Une question d’actualité posée à notre philosophe… Pour faire un pas de côté.

Retraites, thalassos, soins en tout genre… Le marché du repos n’a jamais été plus performant qu’aujourd’hui. Pourtant, les signaux faibles liés à la fatigue psychologique sont eux aussi en hausse.

Alors pourquoi notre époque n’arrive-t-elle pas à se reposer ? Décryptage tout en philosophie avec Sophie Berlioz.

Comment le repos est-il perçu aujourd’hui ? 

Il n’est pas inutile de faire un détour par l’Antiquité romaine pour illustrer notre perception actuelle du repos et de l’activité.

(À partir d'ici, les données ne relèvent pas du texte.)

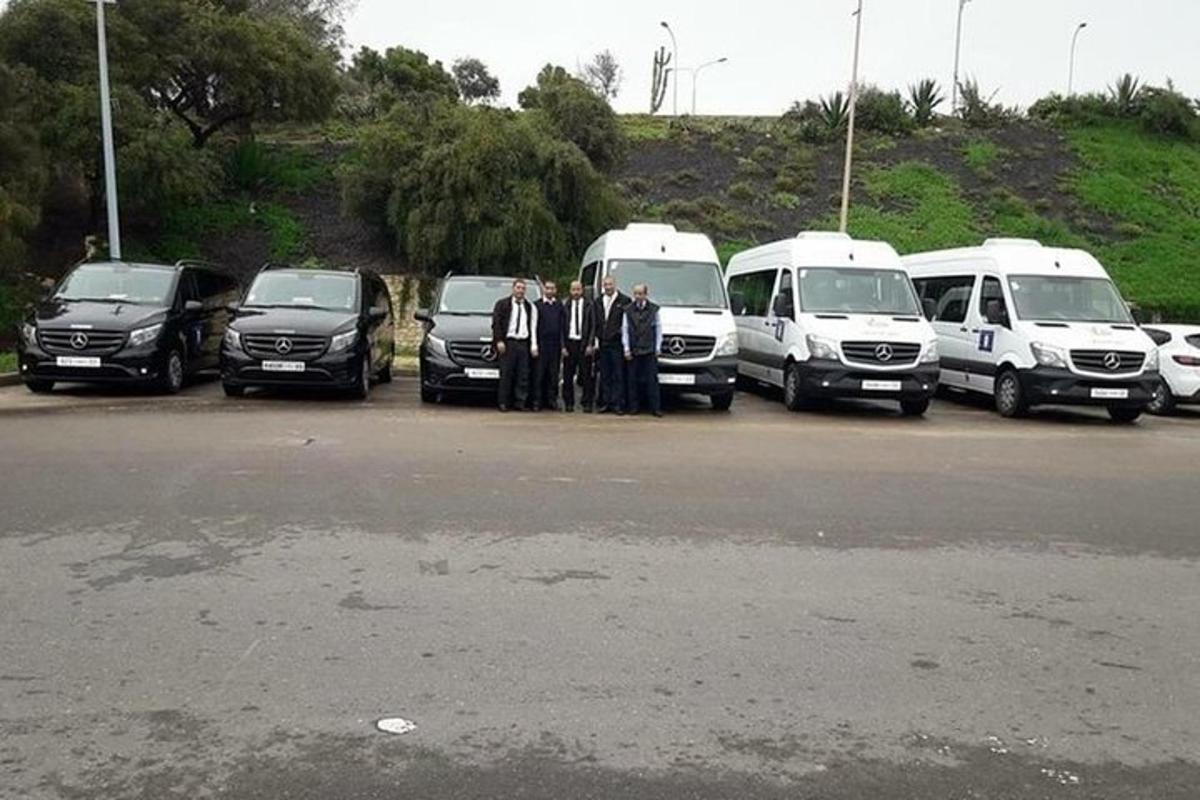 a group of men in suits standing in a parking lot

Les romains distinguaient en effet deux notions du repos : quies, le repos physique, synonyme d’absence d’activité et l’otium, le loisir utile, le repos profitable qui permet de s’élever intellectuellement, de se consacrer à la réflexion, à la méditation età la culture. L’otium s’oppose au neg-otium, qui donnera négos dans notre français moderne, l’espace des affaires, de la négociation et de l’activité économique. Aujourd’hui notre société est faite de telle manière que nous alternons ces périodes, en passant succinctement de l’activité au repos. Et pourtant, ni le repos physique ni le loisir utile ne semblent trouver sa place dans cette organisation.

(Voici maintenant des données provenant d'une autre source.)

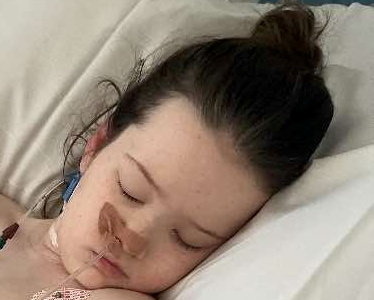 a young girl is sleeping in a hospital bed with a tube in her nose .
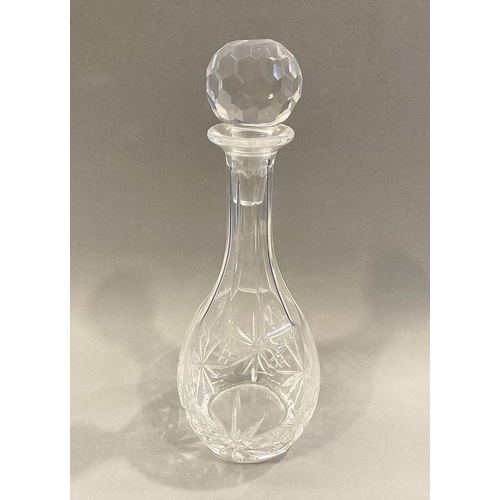 99 - AN IRISH CUT GLASS DECANTER, finely cut with diamond pattern with associated circular stopper, 32cm ...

Pourquoi est-ce si difficile de se reposer ? 

S. B : Il va sans dire que nos sociétés valorisent davantage l’activité économique, l’efficacité, avec son lot de mouvements, d’activités frénétiques et constantes, de vitesse. Et même pendant les vacances, il n’est pas rare que les journées se mettent à déborder, que l’on file de site en site, d’activités en activités. Parfois pour visiter, souvent pour prendre en photos un maximum de moments, immortaliser la scène en restant en surface de l’histoire. On s’occupe, on remplit sa check-list, souvent machinalement, soucieux de rentabiliser le temps, d’en faire un maximum, et de donner envie aux autres sur Instagram. Le negotium grignote l’otium, et lui transmet ses exigences : rentabilité, efficacité et activité. 

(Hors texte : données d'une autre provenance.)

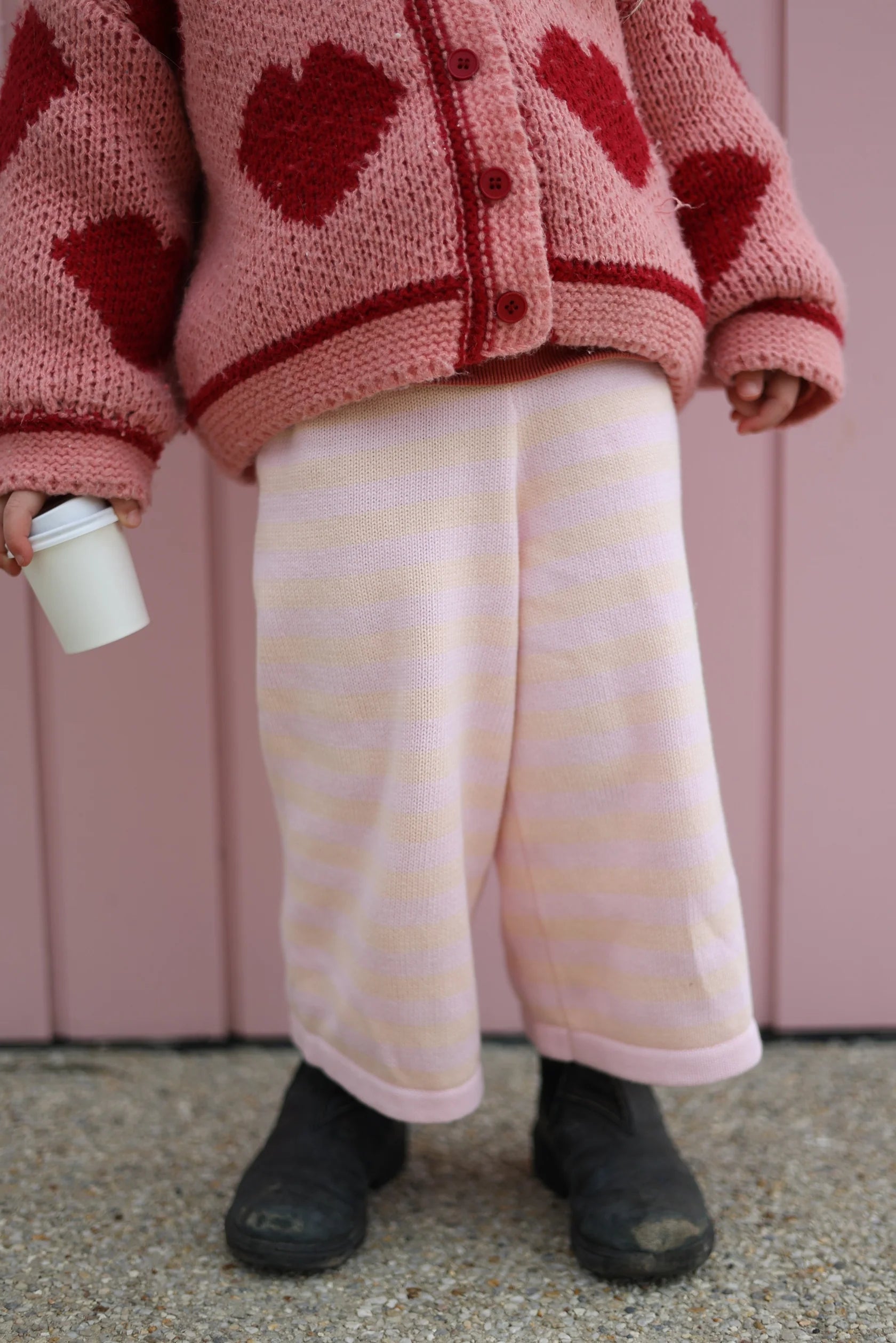 A child is standing in front of a pink wall, wearing a 100% cotton knit pink sweater adorned with red hearts and light pink striped Staple Pant Pink/Peach by MILKY DESIGNS, featuring an elastic waistband. They are also wearing dark shoes and holding a small white cup. Available sizing ranges from 0-4 years. The child's face is not visible in the image.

Mais ce n’est pas tout. Cette difficulté à se consacrer à l’otium, ce repos qui élève, est d’autant plus difficile que nous sommes constamment sollicités par un flux continu d’informations, parles réseaux sociaux, ou encore sur le plan professionnel où il est parfois mal perçu de ne pas répondre à ses messages en vacances. Les frontières se brouillent et nous empêchent souvent de nous concentrer sur l’essentiel. C’est la photo du tableau avant le tableau, l’instagram du plat plutôt que sa dégustation, la photo panoramique plutôt que l’admiration d’un beau paysage. 

Alors comment réussir à couper malgré tout ? 

S. B : Soyons d’abord indulgents. Il n’est pas impossible que cette frénésie d’activités soit à rapprocher du divertissement de Pascal, celui qui nous pousse à multiplier les occupations afin de nous faire oublier la vacuité, l’anxiété et les frustrations de nos existences. C’est ce à quoi nous invitait à réfléchir Pascal lorsqu’il écrivait que « Tout le malheur des hommes vient d’une seule chose, qui est de ne savoir pas demeurer en repos dans une chambre ». Alors il ne s’agit pas de porter un jugement moral sur ce qu’il est bon de faire en vacances ou de ce pour quoi nous le faisons. Mais juste de veiller à ne pas s’épuiser à multiplier les activités sans avoir réfléchi à son besoin véritable, à ce qui nous fait du bien. Car le repos, c’est aussi ce qui permet de toucher son ataraxie, concept cher aux Stoïciens et Épicuriens, qui désigne la tranquillité de l’âme.